NetSuite domine le marché des ERP cloud pour les entreprises manufacturières de taille moyenne réalisant un chiffre d'affaires de 10 à 500 millions de dollars, mais ses fonctionnalités natives de gestion de la maintenance sont limitées. Bien qu'elles gèrent l'amortissement des immobilisations et la gestion des fournisseurs, elles ne proposent pas de flux de travail pour les ordres de travail, la planification de la maintenance préventive ni le suivi de la maintenance au niveau des équipements. La GMAO (Gestion de la Maintenance Assistée par Ordinateur) comble cette lacune et son intégration élimine les silos de données qui imposent un rapprochement manuel. Les principaux points d'intégration sont les suivants : les bons de commande (la GMAO génère un bon de commande dans NetSuite, NetSuite l'approuve et l'envoie au fournisseur, et la réception dans la GMAO met à jour l'inventaire NetSuite), l'évaluation des stocks MRO (les pièces détachées de la GMAO apparaissent dans NetSuite pour une meilleure exactitude du bilan), les enregistrements des immobilisations (les équipements de la GMAO correspondent aux immobilisations de NetSuite pour le suivi de l'amortissement) et les données de base des fournisseurs (une liste unique de fournisseurs partagée entre les systèmes). Sans intégration, les fabricants tiennent deux registres distincts des dépenses liées à la maintenance, ce qui engendre des frais de rapprochement annuels de 30 000 à 80 000 $ pour les entreprises de taille moyenne.

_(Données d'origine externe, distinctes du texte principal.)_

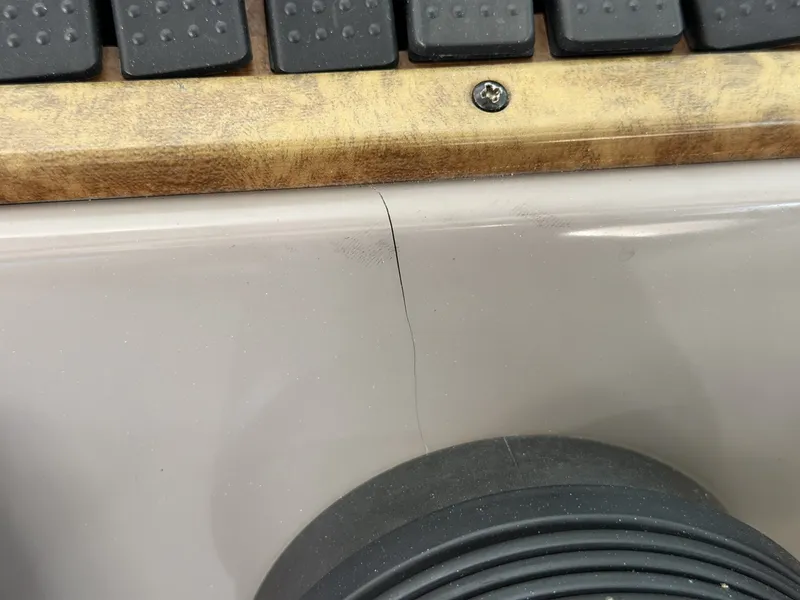 Slide: The Image of Rinker 280 Express Cruiser 2008 - 6051436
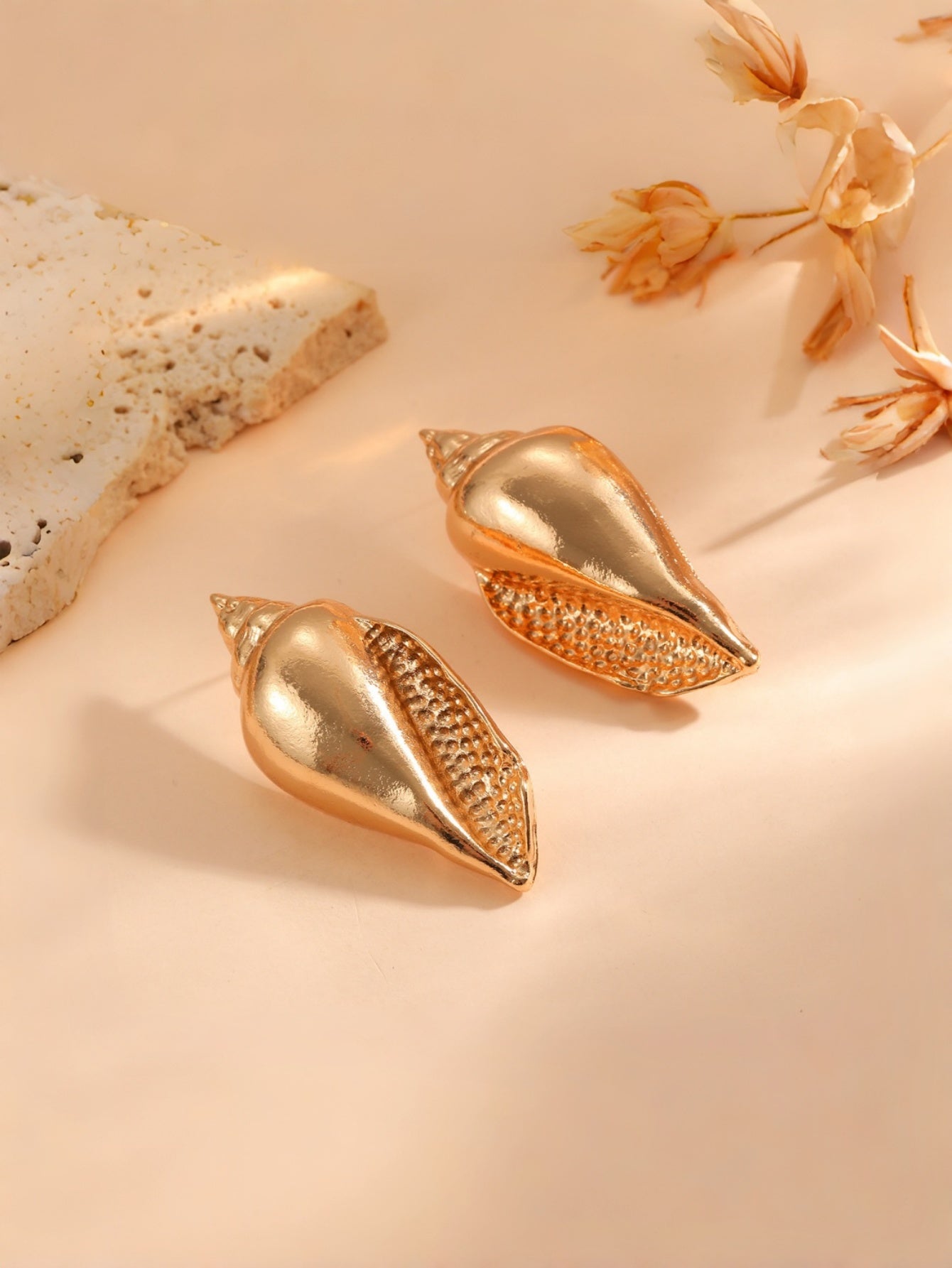 Aretes Caracol de Mar Pulido Dorado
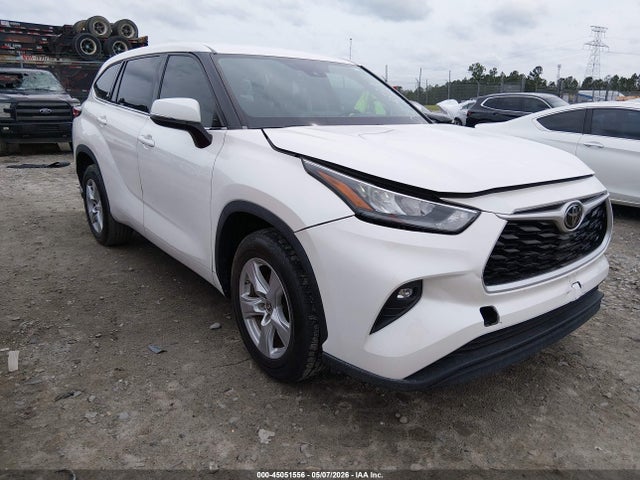 Salvage Toyota Highlander Image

Il existe trois approches pour l'intégration CMMS-NetSuite. Connecteur natif : MaintainX et Fiix proposent des connecteurs NetSuite préconfigurés, plus ou moins complets. Rapides à déployer et nécessitant peu de maintenance, ils peuvent toutefois ne pas prendre en charge tous les flux de données requis. Plateforme en tant que service (iPaaS) : Celigo (avec des modèles NetSuite prédéfinis), Boomi et Workato offrent une intégration configurable sans développement spécifique. Ce type d'intégration offre le meilleur compromis entre rapidité et flexibilité pour la plupart des déploiements de taille moyenne, avec un coût de mise en œuvre compris entre 15 000 $ et 30 000 $. Intégration API personnalisée : l'API REST SuiteScript 2.x de NetSuite, combinée à l'API REST CMMS, fournit précisément les flux de données nécessaires, mais requiert des ressources de développement et une maintenance continue. Pour la plupart des fabricants, l'iPaaS via Celigo offre la meilleure solution. La conception de l'intégration doit couvrir cinq flux : synchronisation des données fournisseurs avec NetSuite (système de référence), création des commandes d'achat depuis la CMMS vers NetSuite, mise à jour des réceptions de marchandises, imputation des coûts des ordres de travail dans les enregistrements d'interventions NetSuite et synchronisation des immobilisations pour les nouveaux équipements. Chaque flux doit faire l'objet d'une gestion des erreurs afin d'éviter les défaillances silencieuses.
La synchronisation des immobilisations est le point d'intégration le plus important entre la GMAO et NetSuite. Lorsque NetSuite crée une fiche d'immobilisation pour un nouvel équipement lors de sa mise en service, la fiche correspondante doit apparaître automatiquement dans la GMAO, pré-remplie avec le nom, le numéro de série, l'emplacement et la classe d'amortissement de l'immobilisation. Ceci élimine la saisie de données en double et garantit la cohérence entre le registre des immobilisations de la GMAO et celui de NetSuite à des fins d'audit. L'évaluation des stocks MRO est l'autre flux critique : les pièces détachées enregistrées dans la GMAO constituent un actif du bilan et doivent figurer dans NetSuite. La plupart des fabricants comptabilisent les stocks MRO comme un actif circulant si leur valeur est importante, ou comme une charge d'achat pour les articles de faible valeur. Dans tous les cas, le traitement comptable doit être cohérent entre la GMAO et NetSuite. Pour les fabricants dont les stocks de pièces détachées s'élèvent à 500 000 $ ou plus, un décalage entre la GMAO et NetSuite peut entraîner des anomalies lors des audits et des erreurs dans le calcul du fonds de roulement. L'intégration de ces systèmes permet généralement de faire apparaître une valeur de stock non comptabilisée auparavant, comprise entre 50 000 $ et 200 000 $.